═════ DATA SHOWN

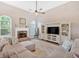 Bright living room featuring a fireplace, hardwood floors, and a cozy atmosphere at 17 Brightwater Cv, Dallas, GA 30157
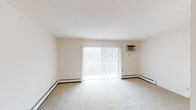 This single-floor unit offers a clean, straightforward layout spread across several well-defined rooms. The living area is generously sized, featuring neutral wall-to-wall carpeting, baseboard heating, and a wall-mounted air conditioning unit. A large sliding glass door floods the space with natural light and provides access to an outdoor area, with views of surrounding trees visible through the glass.

The kitchen is practical and well-equipped, featuring warm oak cabinetry extending to the upper and lower walls, light granite-style countertops offering ample prep space, hardwood flooring, and a coil-top electric range. The layout creates an efficient work triangle with good counter space throughout.

The bedrooms are carpeted and finished in neutral tones, each equipped with ceiling fan light fixtures. One bedroom includes a walk-in closet with oak shelving, while others feature standard closet configurations. Baseboard heating units and natural-light windows are present throughout the sleeping areas.

The bathroom includes a full soaking tub with shower, accented by blue mosaic tile on the walls, white fixtures, and a large vanity mirror. Overall, the unit maintains a clean, functional aesthetic with consistent neutral finishes throughout.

══════════

* [DIRECTIONS]
Set down all entries above again, exactly, without images.

* [FINAL ANSWER]
 Bright living room featuring a fireplace, hardwood floors, and a cozy atmosphere at 17 Brightwater Cv, Dallas, GA 30157
 This single-floor unit offers a clean, straightforward layout spread across several well-defined rooms. The living area is generously sized, featuring neutral wall-to-wall carpeting, baseboard heating, and a wall-mounted air conditioning unit. A large sliding glass door floods the space with natural light and provides access to an outdoor area, with views of surrounding trees visible through the glass.

The kitchen is practical and well-equipped, featuring warm oak cabinetry extending to the upper and lower walls, light granite-style countertops offering ample prep space, hardwood flooring, and a coil-top electric range. The layout creates an efficient work triangle with good counter space throughout.

The bedrooms are carpeted and finished in neutral tones, each equipped with ceiling fan light fixtures. One bedroom includes a walk-in closet with oak shelving, while others feature standard closet configurations. Baseboard heating units and natural-light windows are present throughout the sleeping areas.

The bathroom includes a full soaking tub with shower, accented by blue mosaic tile on the walls, white fixtures, and a large vanity mirror. Overall, the unit maintains a clean, functional aesthetic with consistent neutral finishes throughout.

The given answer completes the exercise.